Si Yajuan
University of Michigan.
Stat Sci. 2025 May;40(2):272-288. doi: 10.1214/24-sts932. Epub 2025 Jun 2.
Multilevel regression and poststratification (MRP) is a popular method for addressing selection bias in subgroup estimation, with broad applications across fields from social sciences to public health. In this paper, we examine the inferential validity of MRP in finite populations, exploring the impact of poststratification and model specification. The success of MRP relies heavily on the availability of auxiliary information that is strongly related to the outcome. To enhance the fitting performance of the outcome model, we recommend modeling the inclusion probabilities conditionally on auxiliary variables and incorporating flexible functions of estimated inclusion probabilities as predictors in the mean structure. We present a statistical data integration framework that offers robust inferences for probability and nonprobability surveys, addressing various challenges in practical applications. Our simulation studies indicate the statistical validity of MRP, which involves a tradeoff between bias and variance, with greater benefits for subgroup estimates with small sample sizes, compared to alternative methods. We have applied our methods to the Adolescent Brain Cognitive Development (ABCD) Study, which collected information on children across 21 geographic locations in the U.S. to provide national representation, but is subject to selection bias as a nonprobability sample. We focus on the cognition measure of diverse groups of children in the ABCD study and show that the use of auxiliary variables affects the findings on cognitive performance.

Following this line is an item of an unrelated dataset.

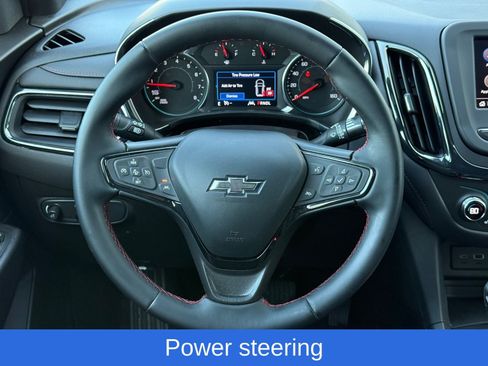Used 2024 Chevrolet Equinox RS image 27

多级回归与事后分层(MRP)是一种在亚组估计中解决选择偏差的常用方法,在从社会科学到公共卫生等各个领域都有广泛应用。在本文中,我们研究了MRP在有限总体中的推断有效性,探讨了事后分层和模型设定的影响。MRP的成功很大程度上依赖于与结果密切相关的辅助信息的可用性。为了提高结果模型的拟合性能,我们建议在辅助变量的条件下对包含概率进行建模,并将估计包含概率的灵活函数作为均值结构中的预测变量纳入。我们提出了一个统计数据整合框架,该框架为概率和非概率调查提供稳健的推断,解决了实际应用中的各种挑战。我们的模拟研究表明了MRP的统计有效性,它涉及偏差和方差之间的权衡,与其他方法相比,对于小样本量的亚组估计有更大的益处。我们已将我们的方法应用于青少年大脑认知发展(ABCD)研究,该研究收集了美国21个地理位置的儿童信息以提供全国代表性,但作为非概率样本存在选择偏差。我们关注ABCD研究中不同儿童群体的认知测量,并表明辅助变量的使用会影响认知表现的研究结果。